In March 2011, plans for the location won fast track approval from the city of Biloxi. On April 7, Buffett appeared before the Mississippi Gaming Commission and explained why the casino should be approved. Commissioners listened and then approved the project.

On May 22, 2012, the Margaritaville Casino & Restaurant opened to the public, featuring 820 slot machines, 18 table games, two levels of dining decks, and a marina with waterside entertainment, food, and drinks.

In June 2013, Margaritaville Biloxi became the first casino in Mississippi gaming history to offer outdoor gaming which includes three blackjack tables at LandShark Landing and Marina.

In December 2013, Doug Shipley, President & CEO, announced that Margaritaville Biloxi would break ground on a new hotel facility in the spring with anticipated completion a year later. The new hotel would feature 250 rooms, including 170 deluxe guest rooms and 80 two- and three-bedroom suites. In addition, they would offer timeshare units through a major international partner.

In July 2014, the casino announced that it would likely close by September, because of an unresolved dispute with the landlord that was blocking the financing needed to build the hotel. On September 15, 2014, Margaritaville Biloxi officially closed.

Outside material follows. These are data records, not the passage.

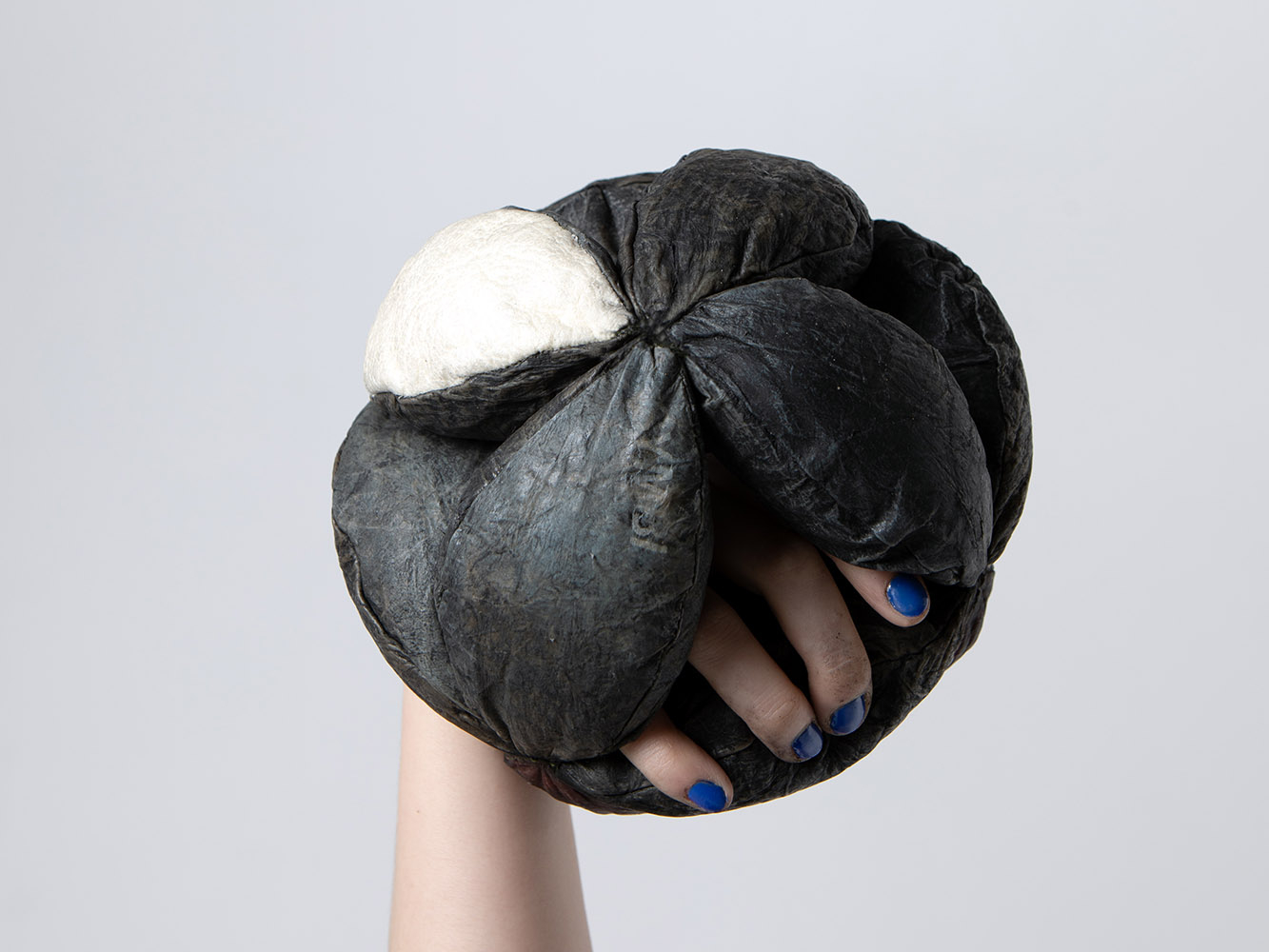 Weronika's artwork depicting hand holding bio leather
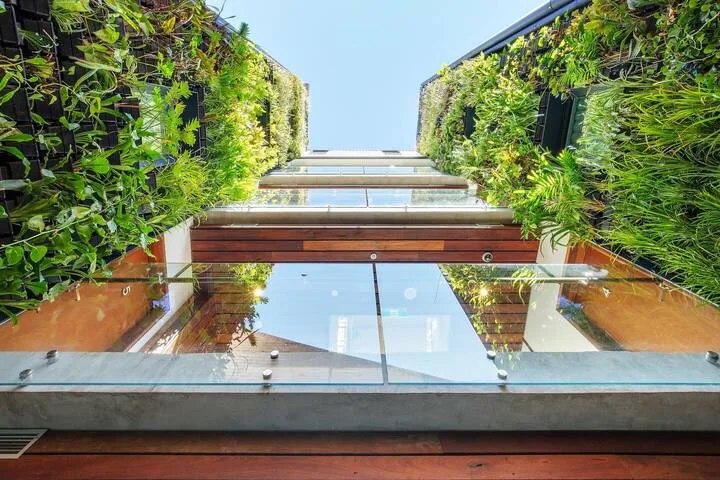 Fachada de un edificio moderno con balcones de vidrio y abundantes plantas verdes.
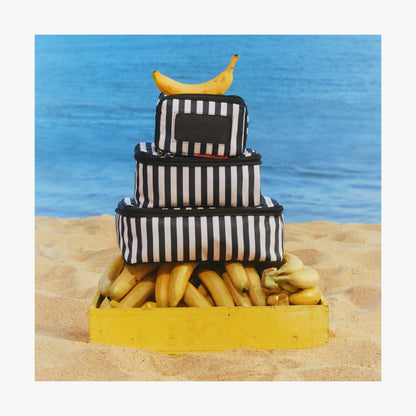 Set of Four / Poplin Stripe Black | Stack of Poplin Stripe Black compressible packing cubes arranged on a crate of bananas on a sandy beach, with a single banana placed on top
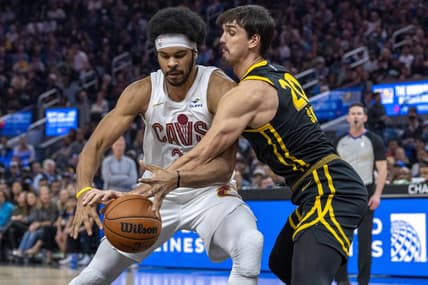 Nov 11, 2023; San Francisco, California, USA;  Golden State Warriors forward Dario Saric (20) defends against Cleveland Cavaliers center Jarrett Allen (31) during the first quarter at Chase Center. Mandatory Credit: Neville E. Guard-USA TODAY Sports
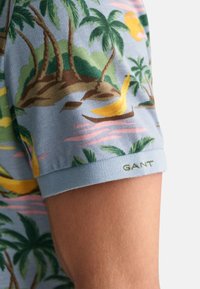 Košile s krátkým rukávem z bavlny s modrým pozadím, na kterém jsou tropické palm trees, banány a zelené logo GANT na manžetě.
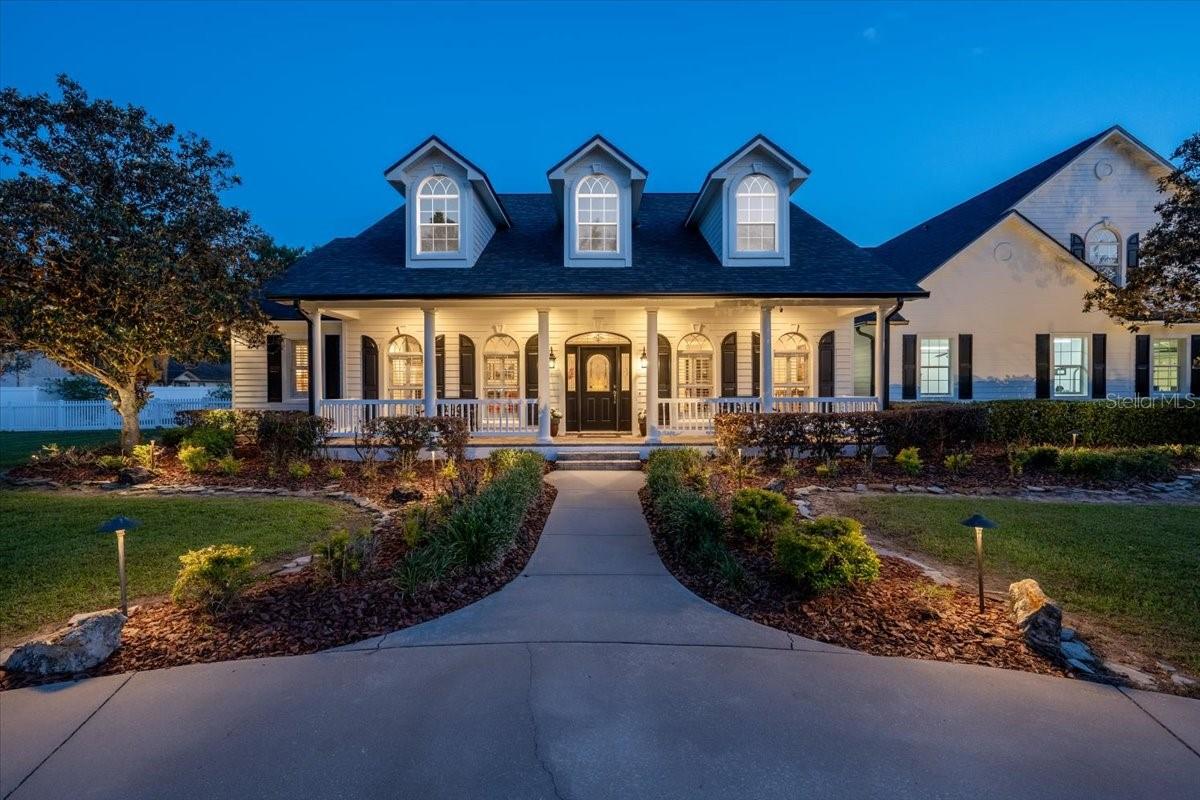 Welcoming porch overlooking peaceful surroundings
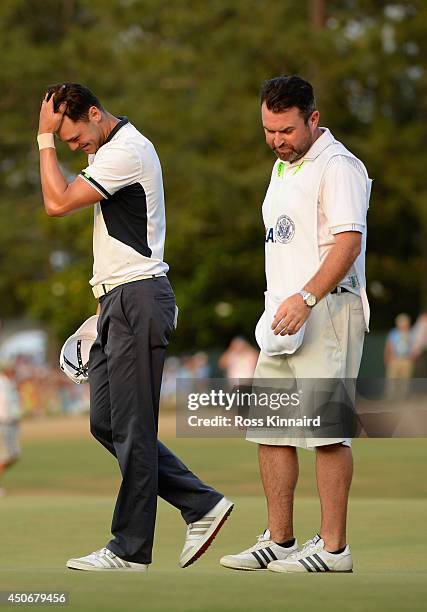 Martin Kaymer of Germany and caddie Craig Connelly celebrate Kaymer's eight-stroke victory on the 18th green during the final round of the 114th U.S....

The property was listed for sale in 2015 with an asking price of $18 million.

In 2019, a new group of developers filed plans to reopen the casino as the Biloxi House at Point Cadet. Their $200-million project was to add a 300-room hotel and various other amenities to the site. Those plans were canceled because of the coronavirus pandemic.

In August 2023, after being closed for 9 years, the Margaritaville Casino & Restaurant complex was sold to MIC Limited, a company owned by businessman Harry Mohney who has opened Cat's Meow karaoke bars and Dick's Last Resort restaurants in New Orleans. Plans call for transforming the former Margaritaville Casino into an entertainment venue with restaurants and bars.